Undefined Columns Selected v. duplicate 'row.names' are not allowed - r

Within a for loop, I am trying to run a function between two columns of data in my data frame, and move to another data set every interation of the loop. I would like to output every output of the for loop into one vector of answers.
I can't get passed the following errors (listed below my code), depending on if I add or remove row.names = NULL to data <- read.csv... part of the following code (line 4 of the for-loop):
** Edited to include directory references, where the error ultimately was:
corr <- function(directory, threshold = 0) {
source("complete.R")
The above code/ my unseen directory organzation was where my error was
lookup <- complete("specdata")
setwd(paste0(getwd(),"/",directory,sep=""))
files <-list.files(full.names="TRUE") #read file names
len <- length(files)
answer2 <- vector("numeric")
answer <- vector("numeric")
dataN <- data.frame()
for (i in 1:len) {
if (lookup[i,"nobs"] > threshold){
# TRUE -> read that file, remove the NA data and add to the overall data frame
data <- read.csv(file = files[i], header = TRUE, sep = ",")
#remove incomplete
dataN <- data[complete.cases(data),]
#If yes, compute the correlation and assign its results to an intermediate vector.
answer<-cor(dataN[,"sulfate"],dataN[,"nitrate"])
answer2 <- c(answer2,answer)
}
}
setwd("../")
return(answer2)
}
1) Error in read.table(file = file, header = header, sep = sep, quote = quote, :
duplicate 'row.names' are not allowed
vs.)
2) Error in [.data.frame(data, , 2:3) : undefined columns selected
What I've tried
referring to the column names directly "colA"

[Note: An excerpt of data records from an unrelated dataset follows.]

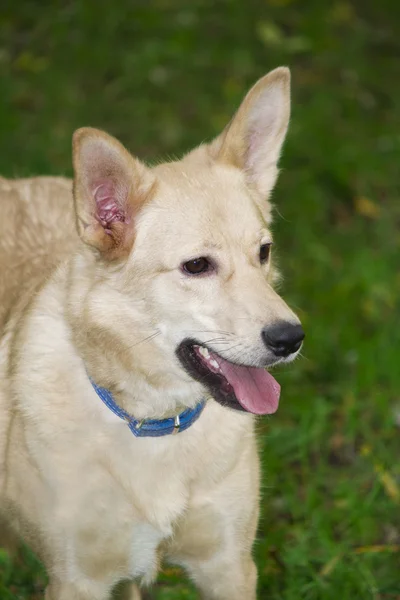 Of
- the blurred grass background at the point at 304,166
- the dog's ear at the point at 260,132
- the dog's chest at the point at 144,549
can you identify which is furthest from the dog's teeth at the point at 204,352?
the blurred grass background at the point at 304,166

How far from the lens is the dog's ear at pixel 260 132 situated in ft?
10.9

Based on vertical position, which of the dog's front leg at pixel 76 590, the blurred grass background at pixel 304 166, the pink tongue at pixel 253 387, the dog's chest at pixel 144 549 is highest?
the pink tongue at pixel 253 387

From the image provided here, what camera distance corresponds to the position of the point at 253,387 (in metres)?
3.11

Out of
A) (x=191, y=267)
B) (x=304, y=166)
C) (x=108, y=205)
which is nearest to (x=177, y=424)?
(x=191, y=267)

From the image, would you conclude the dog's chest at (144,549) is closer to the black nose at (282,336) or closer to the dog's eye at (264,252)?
the black nose at (282,336)

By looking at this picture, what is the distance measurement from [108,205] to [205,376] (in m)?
0.65

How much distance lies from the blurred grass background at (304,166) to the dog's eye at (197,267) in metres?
1.36

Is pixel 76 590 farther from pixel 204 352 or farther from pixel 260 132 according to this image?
pixel 260 132

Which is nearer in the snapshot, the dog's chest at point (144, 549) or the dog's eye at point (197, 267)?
the dog's eye at point (197, 267)

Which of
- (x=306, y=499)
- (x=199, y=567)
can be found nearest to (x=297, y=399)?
(x=306, y=499)

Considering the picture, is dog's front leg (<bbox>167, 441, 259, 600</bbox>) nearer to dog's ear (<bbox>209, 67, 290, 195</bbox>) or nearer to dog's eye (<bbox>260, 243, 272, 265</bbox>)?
dog's eye (<bbox>260, 243, 272, 265</bbox>)

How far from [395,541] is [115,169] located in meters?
2.12

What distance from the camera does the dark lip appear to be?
3.02 metres

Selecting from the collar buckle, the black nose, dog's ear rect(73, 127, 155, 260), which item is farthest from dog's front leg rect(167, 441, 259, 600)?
dog's ear rect(73, 127, 155, 260)
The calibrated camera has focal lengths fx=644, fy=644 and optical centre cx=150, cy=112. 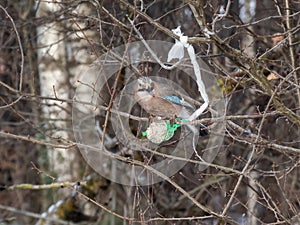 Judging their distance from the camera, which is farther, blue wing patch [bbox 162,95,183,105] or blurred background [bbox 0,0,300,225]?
blurred background [bbox 0,0,300,225]

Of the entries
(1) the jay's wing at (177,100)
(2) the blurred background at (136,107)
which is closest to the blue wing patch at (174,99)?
(1) the jay's wing at (177,100)

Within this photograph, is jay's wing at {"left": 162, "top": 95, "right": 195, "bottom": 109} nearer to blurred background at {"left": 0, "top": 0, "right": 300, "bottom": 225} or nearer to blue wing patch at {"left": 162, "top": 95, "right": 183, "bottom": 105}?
blue wing patch at {"left": 162, "top": 95, "right": 183, "bottom": 105}

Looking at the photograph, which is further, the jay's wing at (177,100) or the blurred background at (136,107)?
the blurred background at (136,107)

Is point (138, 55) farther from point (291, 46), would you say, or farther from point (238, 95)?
point (238, 95)

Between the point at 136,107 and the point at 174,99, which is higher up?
the point at 174,99

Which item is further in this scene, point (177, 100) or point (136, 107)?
Answer: point (136, 107)

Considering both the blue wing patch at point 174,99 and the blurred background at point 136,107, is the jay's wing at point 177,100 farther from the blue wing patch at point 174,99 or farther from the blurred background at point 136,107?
the blurred background at point 136,107

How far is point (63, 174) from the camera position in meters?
7.96

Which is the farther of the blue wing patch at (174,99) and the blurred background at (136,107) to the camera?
the blurred background at (136,107)

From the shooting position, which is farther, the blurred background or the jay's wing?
the blurred background

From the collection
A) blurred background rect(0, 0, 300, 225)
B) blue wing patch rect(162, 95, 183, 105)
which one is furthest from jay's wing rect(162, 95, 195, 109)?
blurred background rect(0, 0, 300, 225)

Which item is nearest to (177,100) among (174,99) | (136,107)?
(174,99)

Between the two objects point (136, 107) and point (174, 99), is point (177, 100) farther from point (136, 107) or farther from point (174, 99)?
point (136, 107)

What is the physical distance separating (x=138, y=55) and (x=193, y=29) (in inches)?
59.4
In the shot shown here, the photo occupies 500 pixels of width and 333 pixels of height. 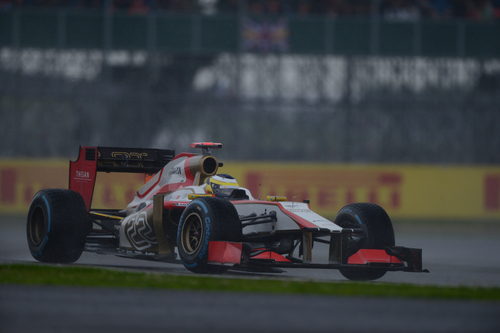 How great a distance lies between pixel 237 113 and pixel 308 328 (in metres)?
25.2

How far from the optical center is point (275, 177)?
30.5 m

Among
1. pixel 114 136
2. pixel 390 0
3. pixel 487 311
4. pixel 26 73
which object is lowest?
pixel 487 311

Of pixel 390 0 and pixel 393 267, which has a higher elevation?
pixel 390 0

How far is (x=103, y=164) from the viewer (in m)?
15.3

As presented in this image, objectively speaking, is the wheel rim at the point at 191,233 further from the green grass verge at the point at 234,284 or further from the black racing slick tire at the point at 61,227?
the black racing slick tire at the point at 61,227

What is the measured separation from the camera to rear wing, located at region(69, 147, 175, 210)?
49.9ft

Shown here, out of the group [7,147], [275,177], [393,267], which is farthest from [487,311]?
[7,147]

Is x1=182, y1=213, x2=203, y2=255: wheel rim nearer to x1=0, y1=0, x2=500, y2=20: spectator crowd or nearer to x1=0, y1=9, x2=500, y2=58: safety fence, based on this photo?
x1=0, y1=9, x2=500, y2=58: safety fence

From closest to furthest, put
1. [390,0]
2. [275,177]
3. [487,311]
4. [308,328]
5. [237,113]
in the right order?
[308,328], [487,311], [275,177], [237,113], [390,0]

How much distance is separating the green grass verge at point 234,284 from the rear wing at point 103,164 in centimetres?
340

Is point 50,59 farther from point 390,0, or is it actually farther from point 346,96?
point 390,0

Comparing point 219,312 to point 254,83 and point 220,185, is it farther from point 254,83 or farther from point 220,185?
point 254,83

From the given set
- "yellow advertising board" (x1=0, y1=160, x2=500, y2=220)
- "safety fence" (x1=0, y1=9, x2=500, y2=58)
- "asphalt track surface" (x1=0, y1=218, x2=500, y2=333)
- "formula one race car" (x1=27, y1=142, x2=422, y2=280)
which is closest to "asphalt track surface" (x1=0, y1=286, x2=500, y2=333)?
"asphalt track surface" (x1=0, y1=218, x2=500, y2=333)

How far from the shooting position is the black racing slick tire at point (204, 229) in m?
11.8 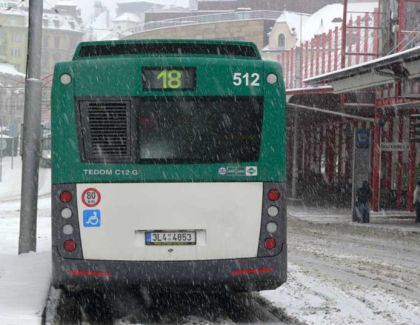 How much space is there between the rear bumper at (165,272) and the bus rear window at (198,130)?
1.04 metres

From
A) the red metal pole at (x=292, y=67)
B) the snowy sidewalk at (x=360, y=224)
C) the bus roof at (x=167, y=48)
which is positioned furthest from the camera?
the red metal pole at (x=292, y=67)

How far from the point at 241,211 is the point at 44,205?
101ft

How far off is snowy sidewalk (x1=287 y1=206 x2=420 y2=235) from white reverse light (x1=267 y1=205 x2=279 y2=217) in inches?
620

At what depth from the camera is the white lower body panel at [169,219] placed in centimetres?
907

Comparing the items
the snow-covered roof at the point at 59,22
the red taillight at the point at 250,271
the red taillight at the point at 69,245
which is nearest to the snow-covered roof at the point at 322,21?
the snow-covered roof at the point at 59,22

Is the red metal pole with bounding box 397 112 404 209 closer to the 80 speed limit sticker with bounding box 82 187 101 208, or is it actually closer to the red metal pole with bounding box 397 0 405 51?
the red metal pole with bounding box 397 0 405 51

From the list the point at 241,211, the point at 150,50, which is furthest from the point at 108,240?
the point at 150,50

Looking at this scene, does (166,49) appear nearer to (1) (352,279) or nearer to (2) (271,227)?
(2) (271,227)

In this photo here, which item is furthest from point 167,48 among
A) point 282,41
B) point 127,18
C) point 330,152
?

initializing data and dataN to empty data.frames before the for loop
initializing answer2 to an empty vector
Getting an better understanding on how vectors, matrices and data.frames work with each other
** Thank you!**

My problem was that I had the function .R file that I was referencing in the code above, in the same directory as the data files I was looping through and analyzing. My "files" vector was an incorrect length, because it was reading the another .R function I made and referenced earlier in the function. I believe this R file is what created the 'undefined columns'
I apologize, I ended up not even putting up the right area of code where the problem lay.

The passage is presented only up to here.